I loosely followed this guide: https://tobiasvl.github.io/blog/write-a-chip-8-emulator/.
- The number of instructions executed per second and frames rendered per second can be configured independently (see section on design decisions below on how this was made possible). This allows, for example, speeding up execution for speedrunning.
- The game's display (fixed 64:32 aspect ratio) is scaled up to the largest size that fits inside the desktop window while preserving its aspect ratio, with unused space filled by letterboxing.
- Customisable foreground, background and letterbox colours.
One of the most interesting parts of this project was figuring out how to schedule ticking the CPU, executing CPU instructions, and drawing frames to the display, all from a single-threaded event-loop.
CHIP-8's timers rely on a 60 Hz tick rate, so we can never change that. However, both the instruction rate (instruction executed per second) and frame rate (up-to-date frames drawn per second) should be customisable by the user. For example, if we want the game to run faster or slower, then we can increase or decrease the instruction rate, which might be useful for speedrunning purposes. Similarly, high-refresh-rate displays would allow us to increase the frame rate for smoother object movement.

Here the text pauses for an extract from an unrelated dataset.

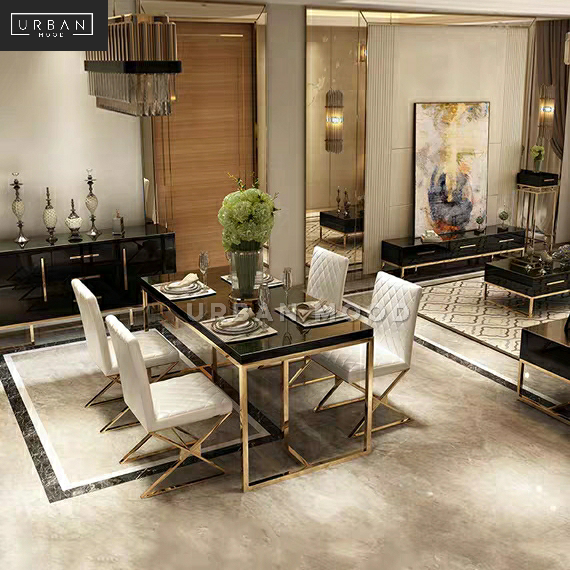 SYLPH Chrome Gold Dining Table & Chairs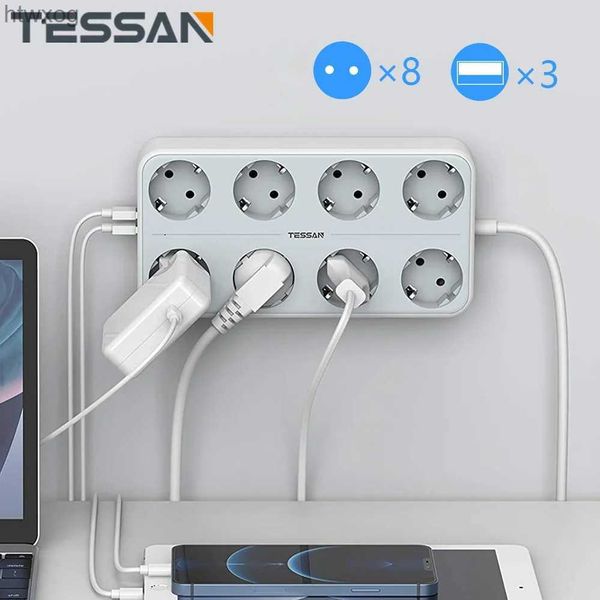 Spina per cavo di alimentazione TESSAN Multipresa multipresa Spina EU KR Prese multiple montabili a parete 11 in 1 con 8 prese 3 porte USB Cavo di prolunga 2M YQ240117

One implementation idea I read about was to create a callback function that the windowing/graphics library would call at a fixed rate, e.g. the targeted frame rate (e.g. 60 Hz).
Since the fixed tick rate of 60 Hz is also a common frequency for the frame rate, we could just tick and draw the new frame in that callback function.
Then, we could just execute floor(instructions_per_second / frames_per_second) number of instructions in each call to the callback function.
I don't like this approach because of how coupled the tick-, instruction- and frame-rates are.
It is recommended to set the instruction rate (instructions executed per second) to around 700, making it significantly higher than the fixed 60 Hz tick rate and the commonly used 60 Hz frame rate.
However, what if we choose the rates such that the instruction rate is lower than the frame rate?
In that case, floor(instructions_per_second / frames_per_second) would always evaluate to 0, so no instructions would ever be executed.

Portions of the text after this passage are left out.